I was seeing how the means and standard deviations of the weights of a CNN change as the model progresses and observed that the standard deviations of the later layers is initilzed much less that the first by default:

Left is the means and right is the stds

This was for a small 4 layer network, even when I made a larger network I observed the same, that the later layers were intilizied to have much lower variance:

Usually the standard deviation of the second layer is half that of the first layer

As you can see the stds systematically decrease. Can someone explain why this is done?
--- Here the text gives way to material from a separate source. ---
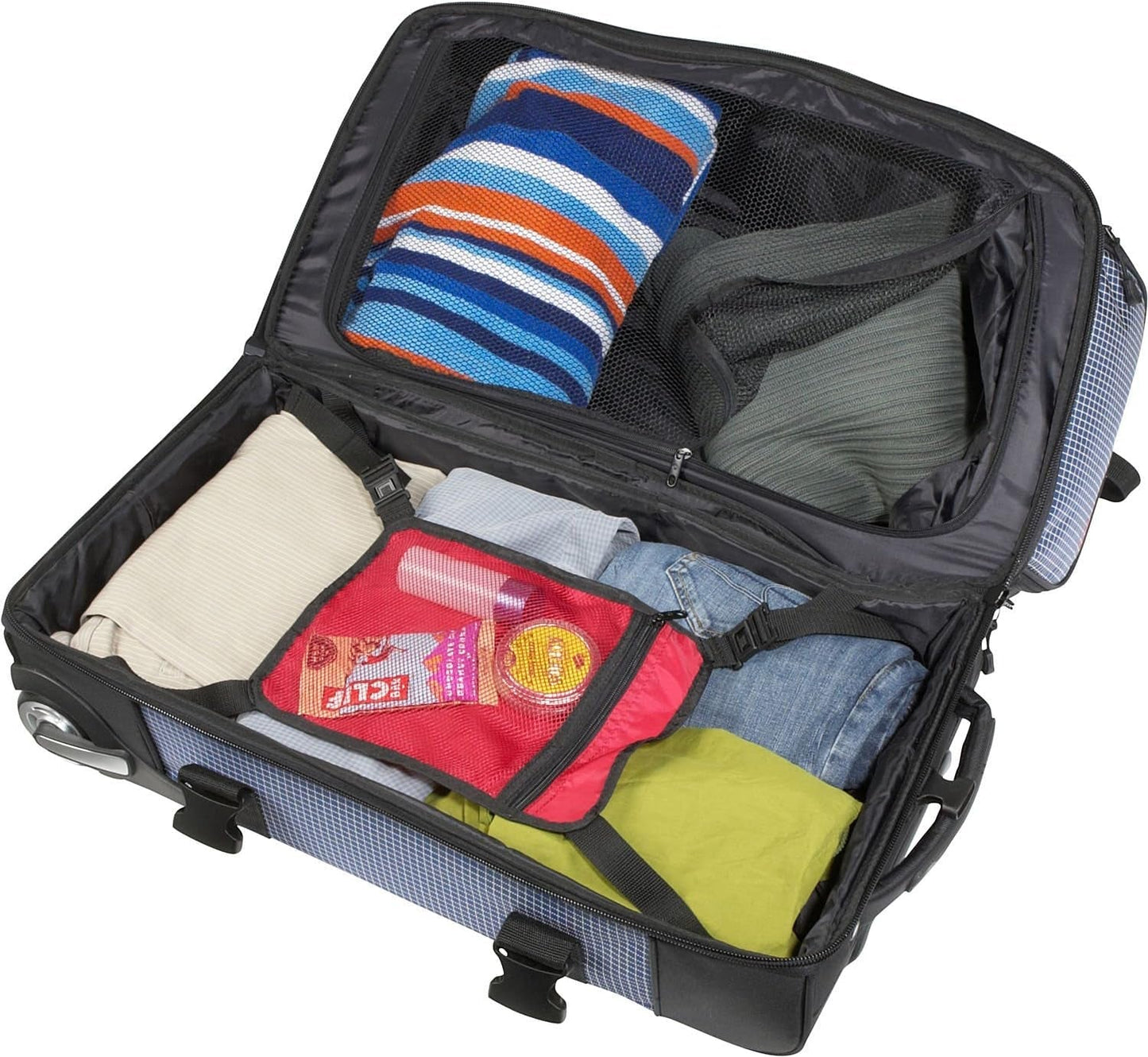 Cestovní taška Samsonite Ripstop s kolečky, modrá (modrá) - 46243 Zavazadla a cestovní vybavení Naty Shop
I know we want our ouputs to have mean 0 and std 1 but how is this helping that?

Code:

Create any CNN in pytorch and then run

```
model=Conv()
def stats(x): return x.mean(),x.std()
for i,e in enumerate(model.children()):
print(i,e)
print('-----Layer Mean and std',stats(e.weight))
```

# Update

Even with I manually initilise the layers I get the same behavior!

```
model=Conv()
for l in model.children():
try:
init.kaiming_normal_(l.weight)
l.bias.data.zero_()
except:
pass
def stats(x): return x.mean(),x.std()
for i,e in enumerate(model.children()):
print(i,e)
print('-----Layer Mean and std',stats(e.weight))
```

This is pretty unsettling! pytorch is keeping track of the layer index. Why is this happening?